Edited by A. V. Yatsenko, Moscow State University, Russia (Received 4 August 2022; accepted 14 November 2022; online 17 November 2022)

The title compound, NorClAD, C₁₈H₂₃ClO₂, a metabolite of an anabolic steroid norchlorotestosterone acetate (NClTA), was successfully synthesized. Its molecular structure was characterized by ¹H NMR and ¹³C NMR spectroscopy and single-crystal X-ray diffraction. The positions of the chlorine substituent, carbonyl groups and the double bond, as well as the absolute configuration of the molecule, were established. A Hirshfeld surface analysis was performed.

Keywords: anabolic steroid; doping agent; crystal structure; metabolite; testosterone; absolute configuration; Hirshfeld analysis.

CCDC reference: 2130048

1. Chemical context

Anabolic steroids have been reported to be used as growth-accelerating agents (Schanzer, 1996 ). Norchlorotestosterone acetate (NClTA), one of the synthetic anabolic steroids, is applied by athletes as a testosterone mimetic for an improvement of their performance. The use of testosterone derivatives has therefore been banned by the World Anti-Doping Agency (WADA) (Wood & Stanton, 2012 ). The metabolism of anabolic steroids is divided into two phases. In phase I, the functional group of anabolic steroids is converted into a more polar functional group. In phase II, the metabolite of anabolic steroids is transformed to glucuronic acid or a sulfate derivative that may easily be eliminated from the human body. Knowledge of its metabolic pathway is therefore necessary to prove the illegal administration of NClTA.

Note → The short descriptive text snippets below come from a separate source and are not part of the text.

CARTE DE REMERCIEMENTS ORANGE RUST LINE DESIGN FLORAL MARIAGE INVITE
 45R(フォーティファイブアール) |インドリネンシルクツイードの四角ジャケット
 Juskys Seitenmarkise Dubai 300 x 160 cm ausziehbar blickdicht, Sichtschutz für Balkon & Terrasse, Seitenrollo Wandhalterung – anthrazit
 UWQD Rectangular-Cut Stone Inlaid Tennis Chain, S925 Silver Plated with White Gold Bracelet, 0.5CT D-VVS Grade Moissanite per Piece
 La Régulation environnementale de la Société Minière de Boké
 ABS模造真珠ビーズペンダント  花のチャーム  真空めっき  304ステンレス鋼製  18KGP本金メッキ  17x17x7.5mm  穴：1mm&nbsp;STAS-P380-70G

The metabolism of NClTA has been investigated successfully in invertebrates (Neomysis integer) and vertebrates (bovine) through oral and subcutaneous administration (Leyssens et al., 1994 ; Hendriks et al., 1994 ; Bizec et al., 1998 ). Mass spectrometry results indicate that one of the most abundant metabolites, found in both invertebrates and vertebrates (after subcutaneous injection), is 4-chloroandrost-4-ene-3,17-dione (NorClAD), the oxidized form of NClTA (see Fig. 1). NorClAD was synthesized through hydrolysis of NClTA followed by an oxidation (Hoof et al., 2004 ). However, elucidation of its crystal and molecular structures and its absolute stereochemistry were required. In this work, NorClAD was successfully synthesized in two steps according to the given scheme (Ringold et al., 1956 ), and its X-ray structure and absolute stereochemistry were determined.

Figure 1
The structures of NClTA and NorClAD.

2. Structural commentary

The molecular structure of the title compound is represented in Fig. 2. The compound consists of three six-membered rings A(C1–C4/C16/C17), B(C4/C5/C13–C16), C(C5–C8/C12/C13) and one five-membered ring D (C8–C12). Cyclohexenone ring A adopts a half-chair conformation while cyclohexane rings B and C adopt chair conformations. Cyclopentanone ring D adopts an envelope conformation with C12 as the flap. It is evident from the bond dimensions that the chlorine atom lies at C17, C1 and C9 are involved in carbonyl groups, and that the C16—C17 bond has double-bond character. The title compound adopts an all-trans ring junction and the absolute stereochemistry of atoms C4(R), C5(S) C8(S) C12(S) and C13(R) were properly determined using Cu Kα radiation and confirmed by the Flack parameter of 0.029 (4) (Parsons et al., 2013 ).

Figure 2
The molecular structure of the title compound, NorClAD. Displacement ellipsoids are drawn at the 50% probability level.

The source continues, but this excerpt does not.